Guidance counselors are a common school
resource for students navigating complicated and consequential education
choices. Christine Mulhern provides the first causal estimates of individual counselors'
effects on high schoolers, using quasi-random counselor assignment policies
in Massachusetts. She finds that counselors vary substantially in their
effectiveness at increasing students' high school graduation rates and
college attendance, selectivity and persistence. Counselor effects on
educational attainment are similar in magnitude to teachers' effects, but
they flow through improved information and direct assistance, rather than
through improved cognitive or non-cognitive skills. Counselor effectiveness
is most important for low-achieving and low-income students, perhaps
because these students are most likely to lack other sources of information
and assistance. Good counselors tend to improve all measures of educational
attainment but some specialize in improving high school behavior while
others specialize in increasing selective college attendance. Improving
access to effective counseling may be a promising way to increase
educational attainment and close socioeconomic gaps in education.

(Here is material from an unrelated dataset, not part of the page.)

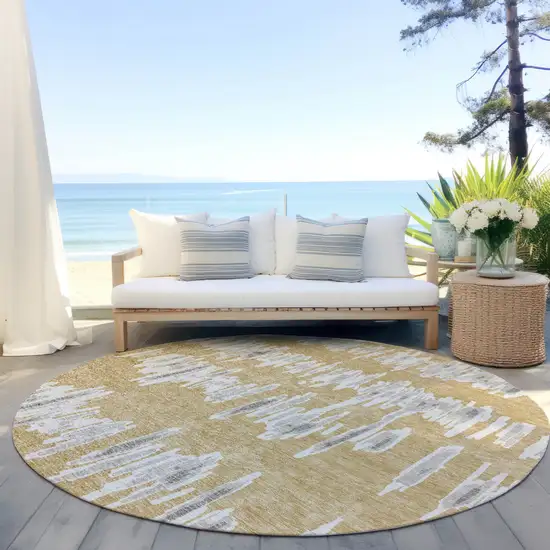 8' Gold Gray And Ivory Round Striped Washable Indoor Outdoor Area Rug Photo 7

About Christine Mulhern: Christine Mulhern is a PhD Candidate in Public Policy at Harvard Kennedy School. Her research focuses on understanding how school resources, social networks and technology
influence student success in high school and postsecondary education. She
has research which documents the effects of school counselors, siblings,
and the guidance technology Naviance on educational attainment. She has
also studied online learning technologies in higher education.